I should be able to just do this numerically with optim
or optimize
, I think.
# calc_a <- function(d, radius1, radius2) {
# A <- radius1^2*acos((d^2 + radius1^2 - radius2^2) / (2*d*radius1)) +
# radius2^2*acos((d^2 - radius1^2 + radius2^2) / (2*d*radius1)) -
# 0.5*sqrt((d+radius1-radius2) * (d-radius1+radius2) * (-d+radius1+radius1) * (d+radius1+radius2))
#
# return(A)
# }
#
# opt_d <- function(d, area, radius1, radius2) {
#
# dcheck <- calc_a(d, radius1, radius2)
#
# return(dcheck - area)
# }
# get the optimal shift
#opt_d and calc_a are defined in venn_distances.R
# find_d <- function(area, radii, radius1, radius2) {
# if (!missing(radii) & (!missing(radius1) | !missing(radius2))) {
# rlang::abort('either use radii or radius1, radius2')
# }
#
# if (missing(radii)) {
# radii <- c(radius1, radius2)
# }
# bestd <- optimize(opt_d, lower = abs(diff(radii)), upper = sum(radii),
# area = area, radii = radii)
# }
ggplot(cirtib) +
geom_circle(mapping = aes(x0 = set_d, y0 = 0,
r = set_r,
color = factor(set_num))) +
coord_fixed()
To get that to work with a mutate, we need to feed it both radii. we could do that long or wide, but given that we usually have long data:
Make a column identifying the set, another with the set intersection, and use that to make the d in a grouped mutate.
ggplot(cirtib) +
geom_circle(mapping = aes(x0 = centers, y0 = 0,
r = set_r,
fill = factor(set_num)),
alpha = 0.4) +
coord_fixed()
That really is fairly contrived to have the separate circles long. But when it comes time to plot, it’s WAY nicer.

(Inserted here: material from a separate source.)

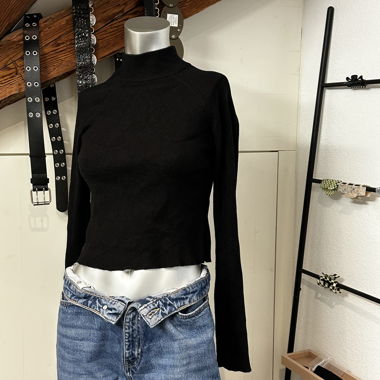 CROPPED TURTLENECK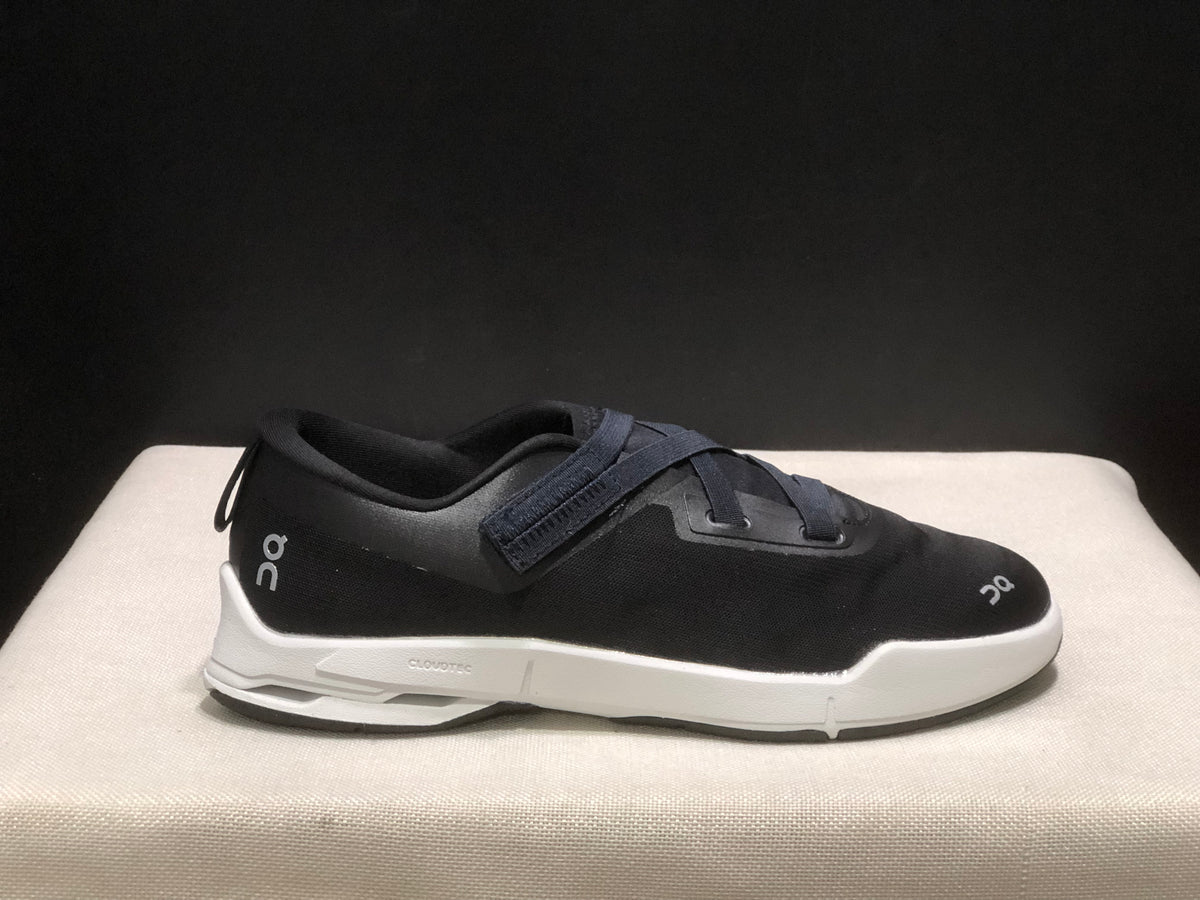 ON - CLOUDNOVA X ZENDAYA BLACK WHITE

Let’s say we have a dataset where we have already calculated the sizes and overlaps of a bunch of sets. Just make it long, since that’s how the data we want to use will be, and it makes the plotting easier.
Now, to make the circles, we need to calculate radii and distance between centers. This is now equally as annoyign to be wide
manysets <- manysets |>
mutate(radius = sqrt(area/pi)) |>
mutate(d = find_d(unique(overlap), radii = radius), .by = set_pair)
# makes testing easier
manysets <- manysets |>
# and a check
mutate(area_calc = calc_a(unique(d), radii = radius), .by = set_pair) |>
mutate(area_error = abs(overlap - area_calc)) |>
mutate(centers = d*c(-0.5, 0.5))
Now to plot
ggplot(manysets) +
geom_circle(mapping = aes(x0 = centers, y0 = (set_pair-1)*10,
r = radius,
fill = factor(set_num)),
alpha = 0.4) +
coord_fixed()
And the area_error is always very low
# A tibble: 22 × 10
set_pair set_num area overlapfrac overlap radius d area_calc area_error
<int> <int> <dbl> <dbl> <dbl> <dbl> <dbl> <dbl> <dbl>
1 1 1 73.7 0 0 4.84 7.42 0.00000176 0.00000176
2 1 2 20.8 0 0 2.58 7.42 0.00000176 0.00000176
3 2 1 15.8 0.1 1.58 2.24 6.56 1.58 0.0000554
4 2 2 81.7 0.1 1.58 5.10 6.56 1.58 0.0000554
5 3 1 8.83 0.2 1.77 1.68 6.36 1.77 0.0000764
6 3 2 98.5 0.2 1.77 5.60 6.36 1.77 0.0000764
7 4 1 17.3 0.3 5.20 2.35 5.21 5.20 0.0000348
8 4 2 67.5 0.3 5.20 4.63 5.21 5.20 0.0000348
9 5 1 24.9 0.4 9.96 2.81 5.55 9.96 0.0000984
10 5 2 89.7 0.4 9.96 5.34 5.55 9.96 0.0000984
# ℹ 12 more rows
# ℹ 1 more variable: centers <dbl>
The way this work is probably easier to see not with random sizes, but consistent
Now get r, d, and centers
evensets <- evensets |>
mutate(radius = sqrt(area/pi)) |>
mutate(d = find_d(unique(overlap), radii = radius), .by = set_pair) |>
mutate(centers = d*c(-0.5, 0.5))
# makes testing easier
evensets <- evensets |>
# and a check
mutate(area_calc = calc_a(unique(d), radii = radius), .by = set_pair) |>
mutate(area_error = abs(overlap - area_calc))
Now to plot
ggplot(evensets) +
geom_circle(mapping = aes(x0 = centers, y0 = (set_pair-1)*12,
r = radius,
fill = factor(set_num)),
alpha = 0.4) +
coord_fixed()
One thing I’m going to want to do when I use this is scale them (e.g. I’ll have massive numbers, but need to scale them down). I think the easiest way to do that is to just operate on scaled areas and overlaps.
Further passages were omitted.